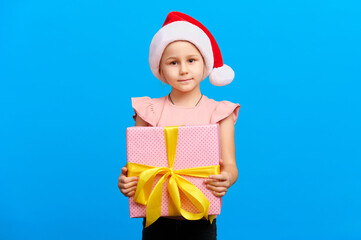 Happy new year concept. Little white girl in santa claus red hat holds christmas pink gift box with yellow bow on blue isolated background in studio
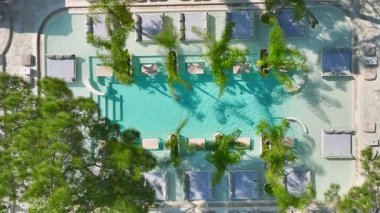 Drone turkuaz su ve modellerin rahatladığını gösteriyor..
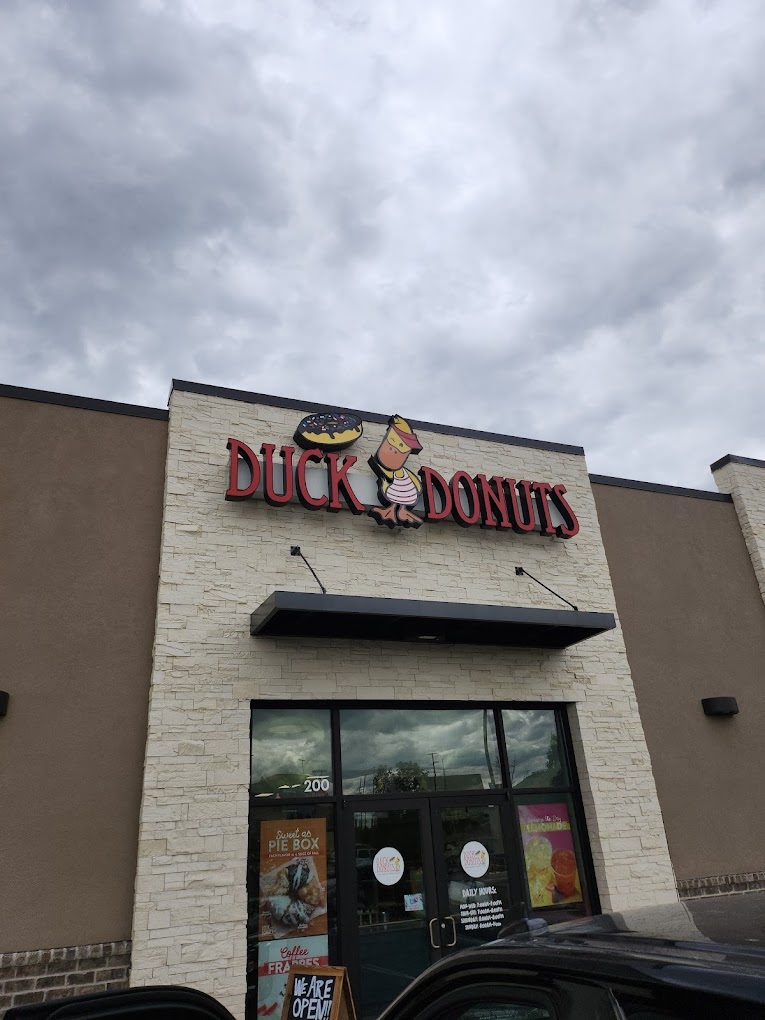 An outside view of an modern styled strip mall with an sign above the door reading "Ducks Donuts"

- **TASK PROMPT**:
Print out the whole of the material word for word, without pictures.

- **RESULT OF THE TASK**:
 Happy new year concept. Little white girl in santa claus red hat holds christmas pink gift box with yellow bow on blue isolated background in studio
 Drone turkuaz su ve modellerin rahatladığını gösteriyor..
 An outside view of an modern styled strip mall with an sign above the door reading "Ducks Donuts"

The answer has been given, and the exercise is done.